* SOURCE DATA:
----------------------------------------
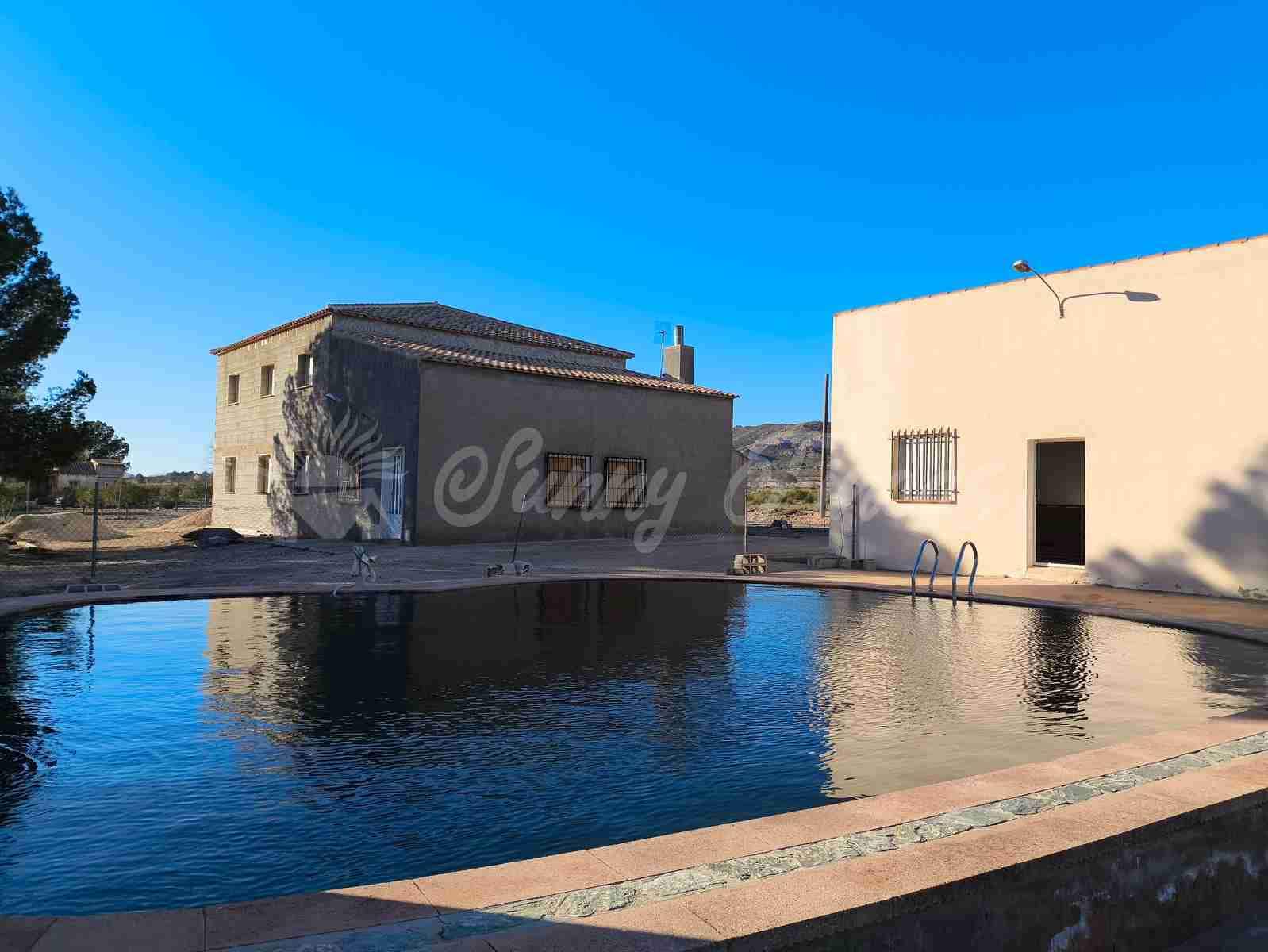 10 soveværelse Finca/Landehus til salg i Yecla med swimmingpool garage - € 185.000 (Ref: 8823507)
----------------------------------------
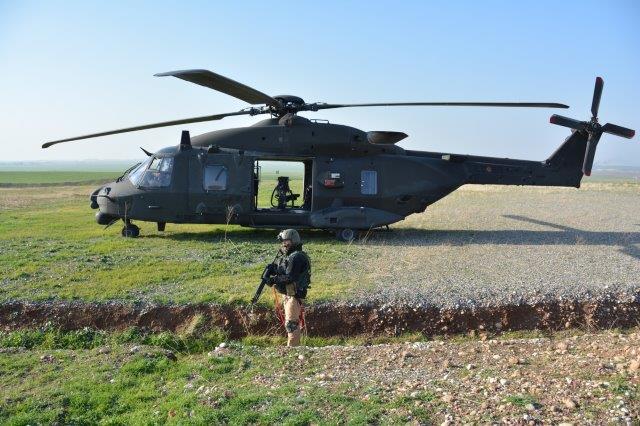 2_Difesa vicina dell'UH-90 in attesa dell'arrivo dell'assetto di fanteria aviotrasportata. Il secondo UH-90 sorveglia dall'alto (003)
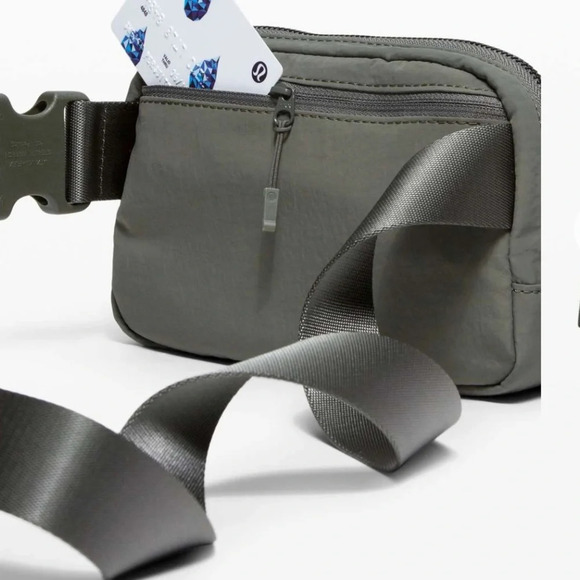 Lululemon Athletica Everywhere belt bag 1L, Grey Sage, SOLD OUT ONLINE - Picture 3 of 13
----------------------------------------
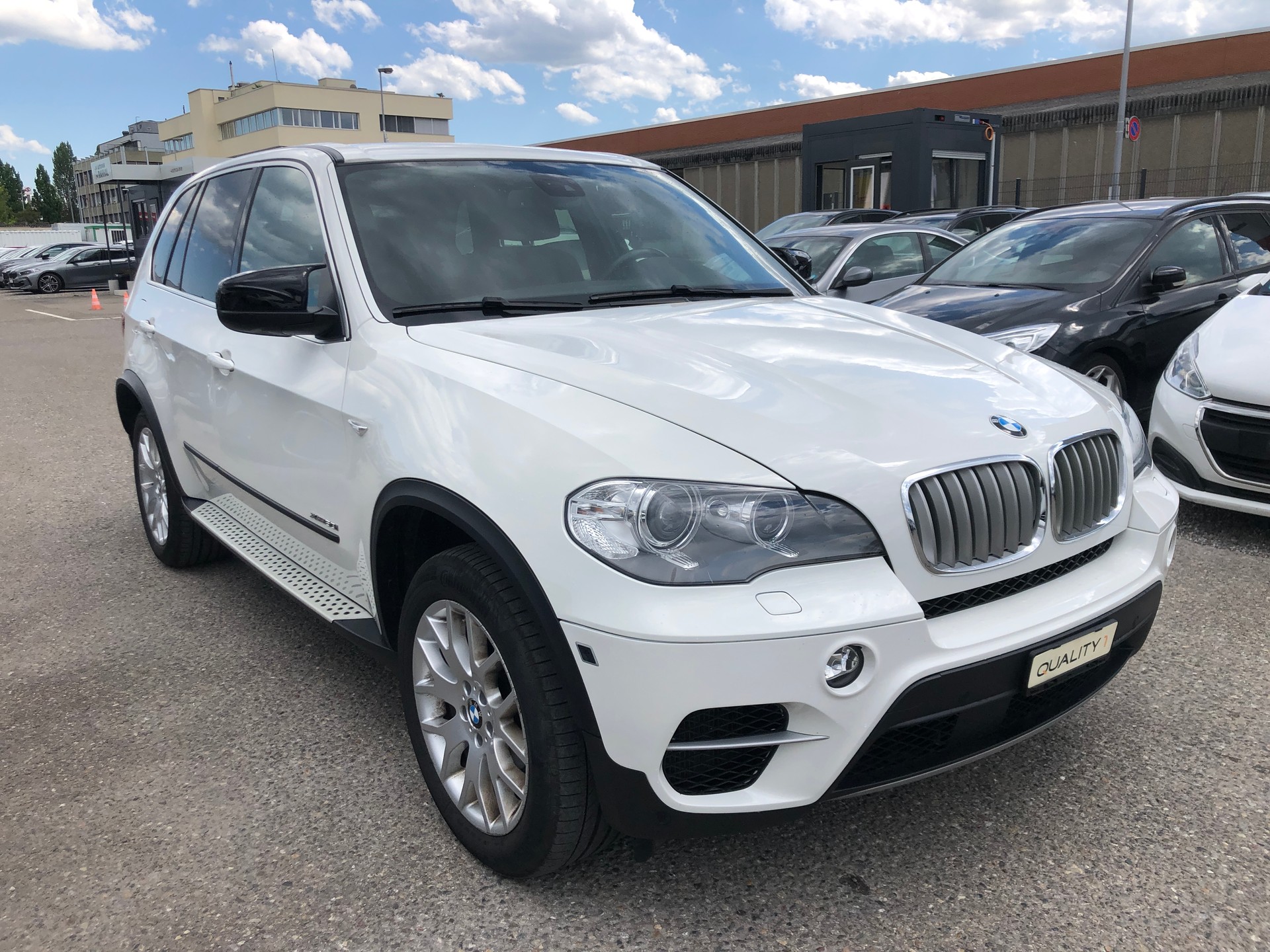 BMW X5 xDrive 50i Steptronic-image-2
----------------------------------------
* THE TASK: The answer is those lines of the material above that run from the one containing "2_Difesa vicina dell'UH-90" up to and including the one containing "Lululemon Athletica Everywhere", restated exactly and without images.

* ANSWER FOR THE TASK:
 2_Difesa vicina dell'UH-90 in attesa dell'arrivo dell'assetto di fanteria aviotrasportata. Il secondo UH-90 sorveglia dall'alto (003)
 Lululemon Athletica Everywhere belt bag 1L, Grey Sage, SOLD OUT ONLINE - Picture 3 of 13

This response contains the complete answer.